/ryzen_monitor_ng

Swiss army knife tool for AMD CPUs with monitor and control and more

Primary LanguageCGNU Affero General Public License v3.0AGPL-3.0

ryzen_monitor(_ng) (NextGeneration)

Monitor power information of Ryzen processors via the PM table of the SMU.

Export metrics to telegraf/influxdb for monitoring.

SMU Set and Get for many parameters and CO counts.

I really needed something practical for monitoring and for scripting. Ended up doing so many and massive changes that I decided to branch out from the original.
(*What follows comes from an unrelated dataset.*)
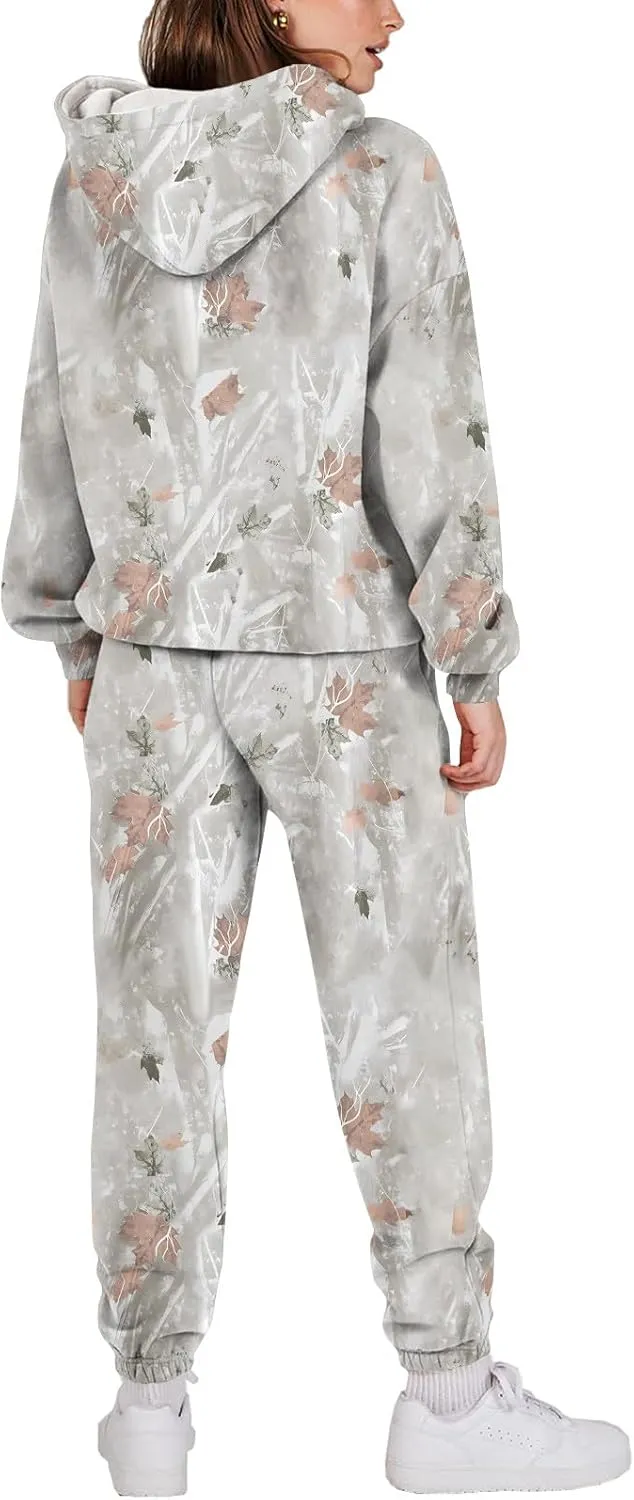 Sweat Suits for Womens Camo Hoodie 2 Piece Long Sleeve Camo Sweatshirt Wide Leg Sweatpants Track Suit Y2k Hoodies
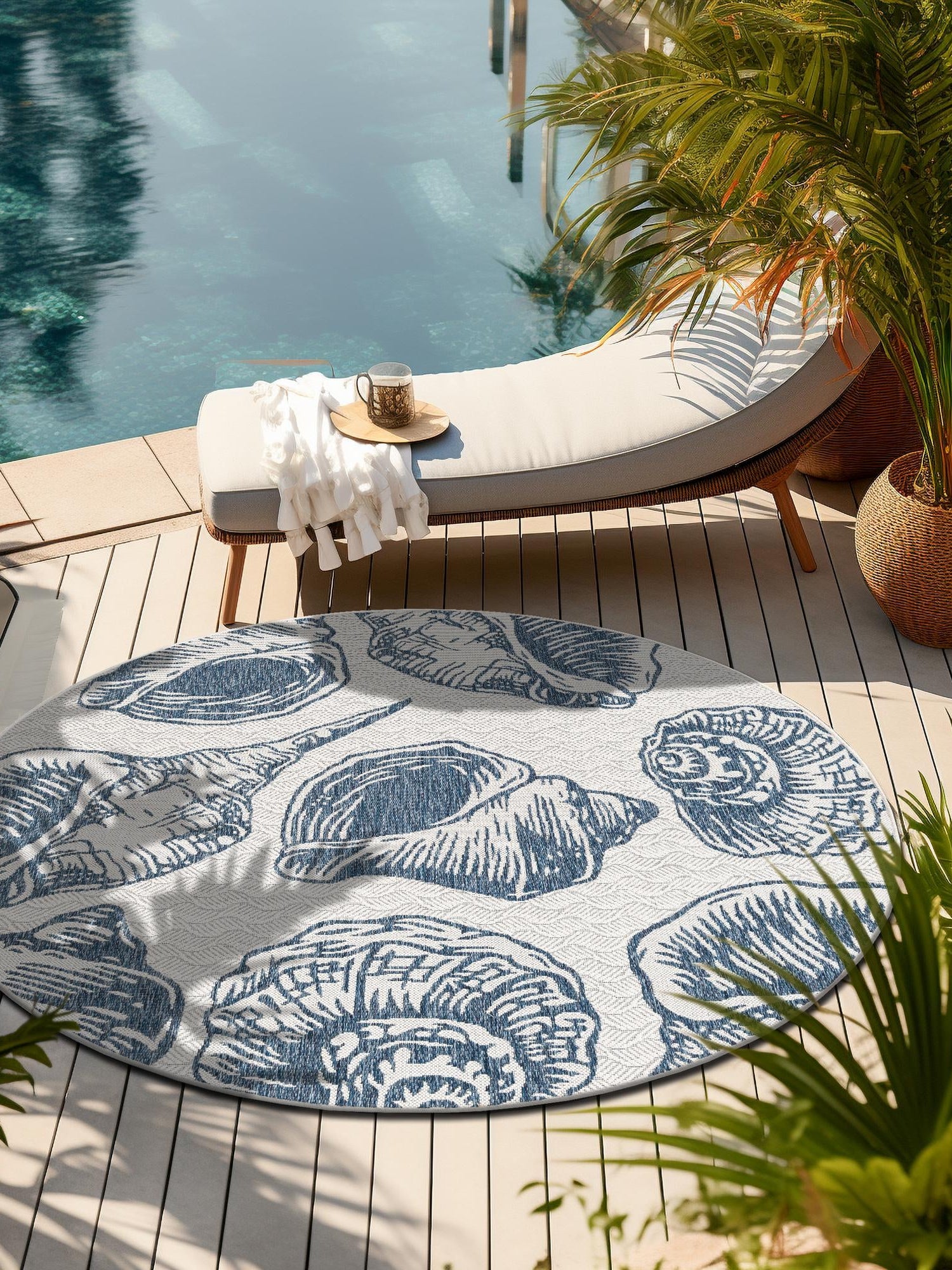 Ivory and Navy Blue 6' 1 x 6' 1 Outdoor Coastal Round Area Rug Weather Resistant for Patio, Deck, Terrace, Balcony, Porch 100% Polypropylene Coastal Decor Carpet for Sale at Rug Engine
Hope you'll enjoy!

This tool is based on the ryzen_monitor which was based on the ryzen_smu kernel module demo-tool.

Check here the CHANGELOG.

ryzen_monitor features support for multiple PM table versions (i.e. multiple bios versions), adds support for Ryzen 5000, and presents more fields to user. It is especially focused around providing a more realistic image of the actual power draw and hence true thermal output of the CPU package.

Usage

While in monitor mode you can interact with the following keys:

q - quit

c - toggle compact mode

i - toggle information pane

c - toggle co counts pane

e - toggle electrical pane

m - toggle memory pane

g - toggle graphics pane

p - toggle power pane

You can get a quick description of the command line options with the switch -h.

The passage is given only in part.